Biden’s Dogs Repeatedly Biting Hand That Protects Him
"Dog bites man" isn't news. Unless it's the President's dog.
WaPo (“Bidens’ dog bites Secret Service officer in 11th known aggressive incident“):
The Biden family’s dog, Commander, bit a Secret Service officer at the White House on Monday — at least the 11th aggressive incident that has prompted questions about the German shepherd’s behavior and the safety of those who interact with him.
“Yesterday around 8 p.m., a Secret Service Uniformed Division police officer came in contact with a First Family pet and was bitten,” Anthony Guglielmi, a spokesman for the Secret Service, said Tuesday in a statement. “The officer was treated by medical personnel on complex.”
Commander, who came to the White House as a puppy in 2021, previously bit at least seven people between late 2022 and early 2023, according to records obtained by the conservative group Judicial Watch.
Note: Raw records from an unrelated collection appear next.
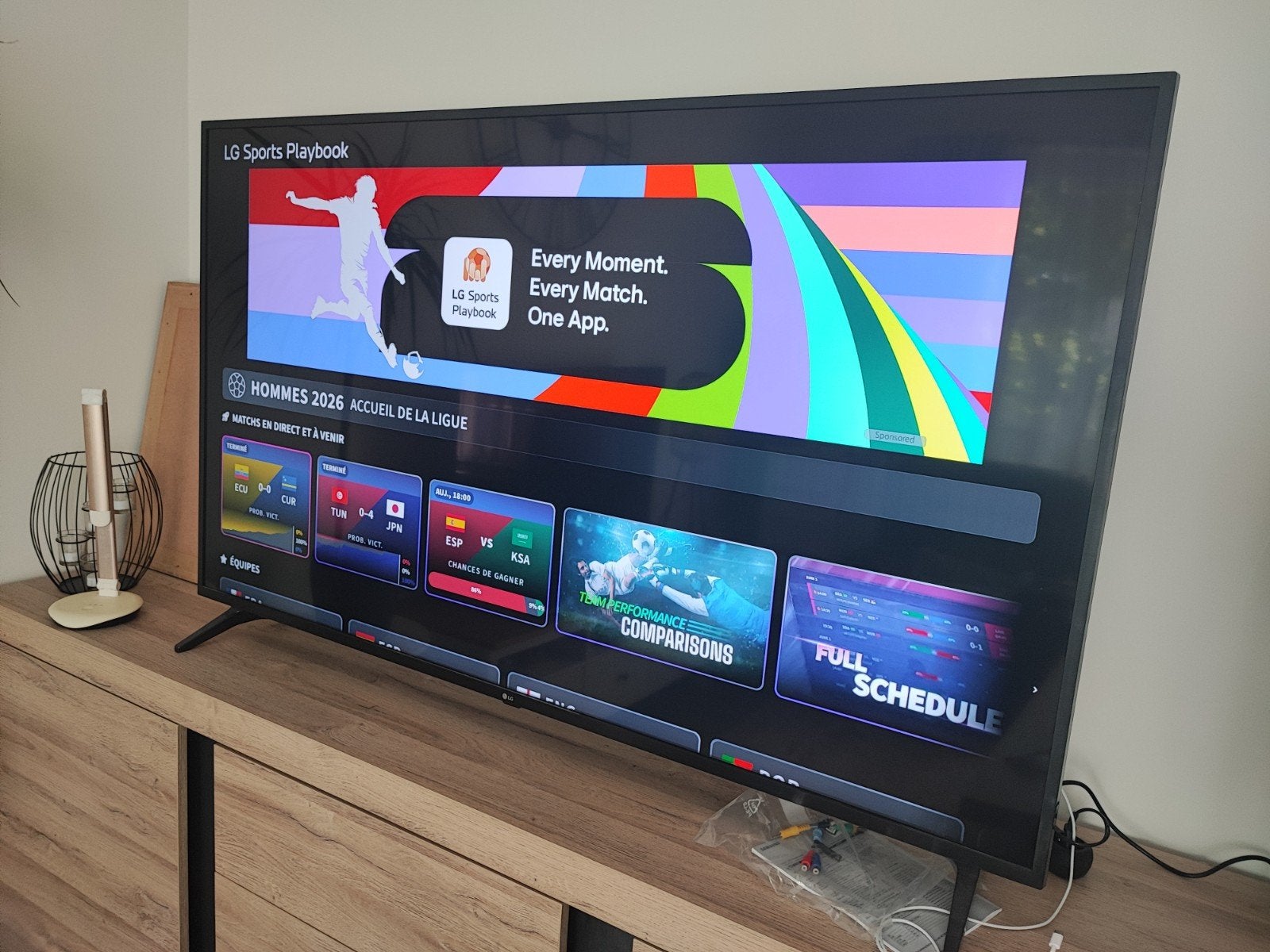 SMART TV LG LED 4K UHD 55 POUCES 139 CM WIFI 2023, LED, Enlèvement, 4k (UHD), LG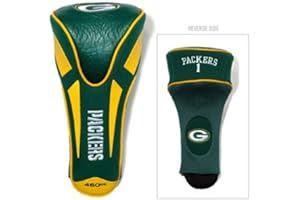 Team Golf NFL Golf Club Single Apex Driver Headcover, Fits All Oversized Clubs, Truly Sleek Design
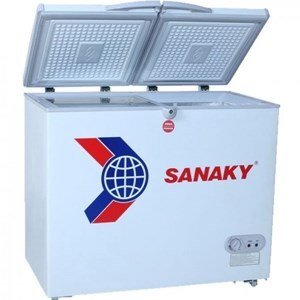 Tủ đông Sanaky 2 ngăn 360 lít VH-365W2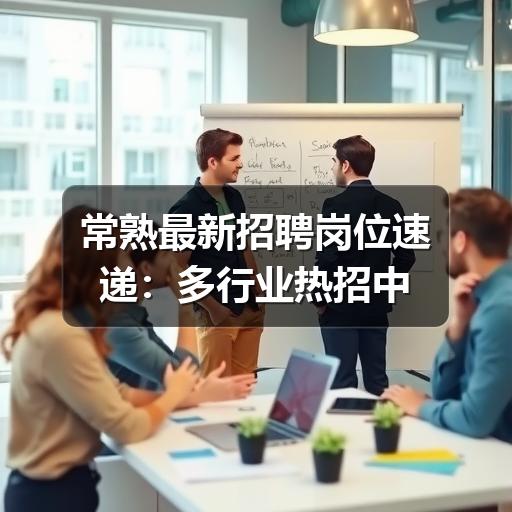 常熟最新招聘岗位速递:多行业热招中(图2) 常熟最新招聘岗位速递:多行业热招中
There are other known incidents in which the dog has run at people or barked aggressively.
Elizabeth Alexander, a spokeswoman for first lady Jill Biden, on Wednesday reiterated her statement from July that the Bidens are working to address the issue. She declined to specify what steps the family has taken.
“As we’ve noted before, the White House can be a stressful environment for family pets, and the First Family continues to work on ways to help Commander handle the often unpredictable nature of the White House grounds,” Alexander said in a statement. “The President and First Lady are incredibly grateful to the Secret Service and Executive Residence staff for all they do to keep them, their family, and the country safe.”
Back in March 2021, when another of Biden’s dogs returned to the White House after a “biting incident,” I argued for leniency, writing (in the comments section), “Unless the dog is seriously injuring people on a regular basis, we may just have to put up with it for the sake of [the President’s] mental health.” But eleven such incidents with one dog—and who knows how many total incidents, since there are three First Dogs—is rather much.
We’re well past the point where training would seem to help. It may well be that the dogs need to find a new home.